Dabei, setzte W. fort, sei das eigentlich eine sehr katholische Perspektive. Oder „Radfahren in Rückenlage“. Aber vor allem idiotisch: Es sei doch egal ob jemand mit schlechten Manieren billige oder teure Schuhe trage. Oder welche Hautfarbe so einer habe: Ärgerlich sei es allemal.

Sozial-Timing

Aber das, erklärte W., sei nicht alles, was ihn erstaune. ER sei nämlich „gleichzeitig be- und entgeistert“, dass er aufgefordert werde, aus prinzipiell-solidarischen Überlegungen sein Einkaufsverhalten so zu timen, dass Verkaufspersonal mit dem Gongschlag wie Beamte der 70er-Jahre alles fallen lassen könnten.

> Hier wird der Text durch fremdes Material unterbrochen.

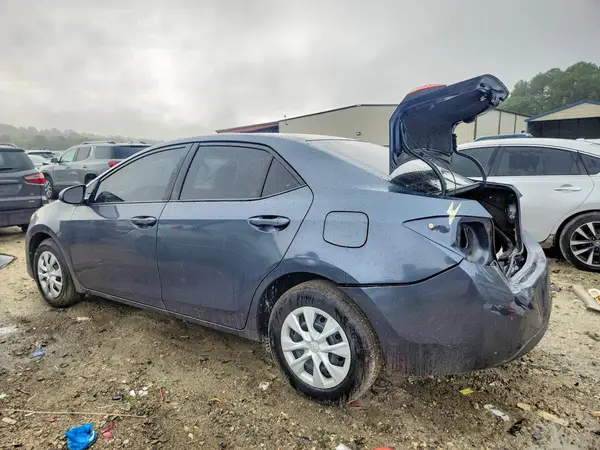 5YFBURHE6JP779512 2018 TOYOTA COROLLA - Image 2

Obwohl das doch eine eklatente Ungleichbehandlung darstelle: Von ihm werde schließlich auch erwartet, dass er Kunden, Informanten oder Mitarbeiter nicht während einer Besprechung aus dem Zimmer schmeiße, wenn die Uhr zeige, dass er heute das im Arbeitsvertrag stehende Zeitplansoll erfüllt habe. Er lege da auch nicht einfach das Telefon auf: Wenn er seine Planung nicht so im Griff habe, rechtzeitig fertig zu werden, lasse er das nicht an seiner Umwelt aus. Meint W.

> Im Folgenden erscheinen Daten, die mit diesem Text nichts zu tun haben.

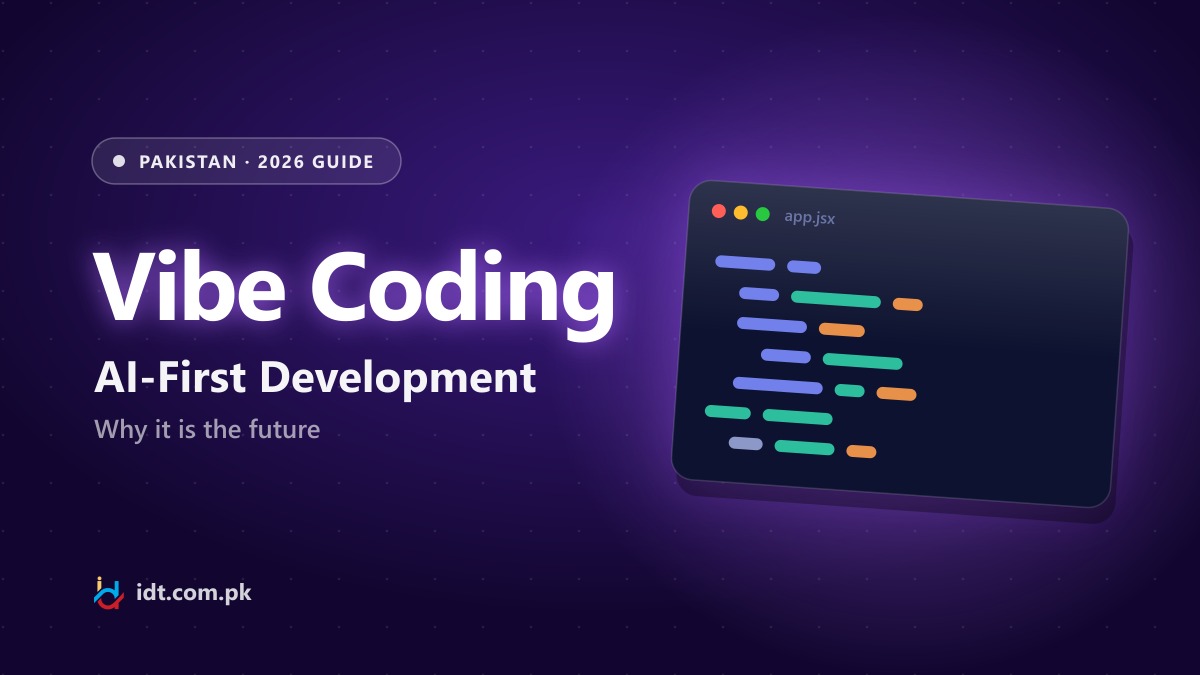 Vibe Coding: Why AI-First Development is the Future [2026 Guide]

Dieses Mindestmaß an Planung, sagt W., erwarte er auch als Konsument. Und in der Regel funktioniere das ja auch: Viele Ämter, Schwimmbäder oder Schilifte etwa, würden es ja längst schaffen zu kommunizieren, wann der letzte Kunde eingelassen wird – danach werde eben nur noch abgefertigt. Ohne Hektik, Eile und Hast. Und meistens, meinte W., funktioniere das ja auch im Einzelhandel klaglos: Wer zur angeschlagenen Geschäftssperrzeit im Laden ist, der werde bedient. Aber mit ein bisserl Klassenkampf-Attitüde und Steinzeit-Lagerdenken, seufzte W., könne man daraus bestimmt ganz leicht ein echtes Problem zaubern.

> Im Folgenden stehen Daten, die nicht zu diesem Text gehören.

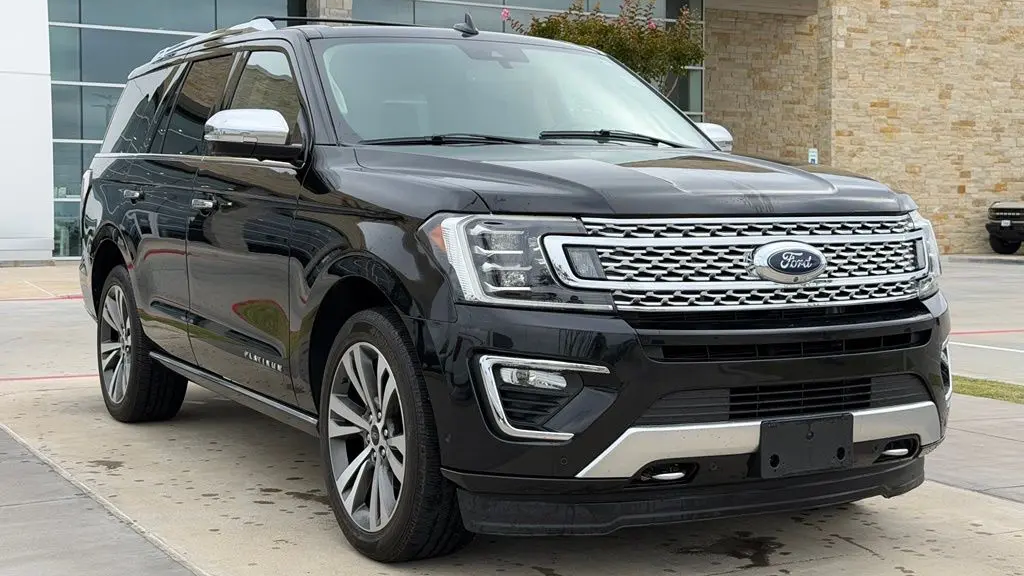 2021 Ford Expedition Platinum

Stoßzeitenvermeidungspflicht

Dass von ganz normalen Kunden an ganz normalen Einkaufstagen daher in Postings ein Zeitmanagement gefordert werde, dass dem Regalbetreuer das Kittelausziehen zur Sperrstunde garantiere, sei für ihn deshalb „kurios“. Und dass das mit einer unterstellten sozialen Besserstellung des Kunden gegenüber dem Regalsklaven argumentiert werde, „ziemlich bizarr“. Aber das allertollste, so W., wäre schon der Hinweis, dass man Menschen, die einen Job angenommen haben, von der per Definition besagt, dass an bestimmten Tagen und zu bestimmten Zeiten ziemlich viele Menschen kommen könnten, genau zu diesen Tagen und zu diesen Zeiten tunlichst nicht behelligen dürfe. Aus Solidarität. Weil es ihm doch so viel besser gehe. Oder so ähnlich. W.: „Äh, geht´s noch?“

W. saß in meiner Küche, nippte an seinem Glas und kratze sich am Kopf: „So selbstkasteiend-moralisierend waren nicht einmal die Mönchlein an meiner Schule. Aber die hatten ja auch noch kein Internet – denen genügte es, uns Schüler in diesen ständigen Du-mußt-dich-immer-schämen-Wettstreit hinein zu zetern. Nach einem halben Jahr haben wir die dann nur noch für einen Haufen Irrer gehalten – und nichts von dem, was sie sagten ernst genommen. Auch nicht, wenn sie gar nicht so weit daneben lagen.“ Die anderen in der Runde sahen einander über den Tisch wissen an: W. war halt das erste Mal in einer Stadtgeschichte vorgekommen – er wird sich schon noch an die Nebengeräusche gewöhnen.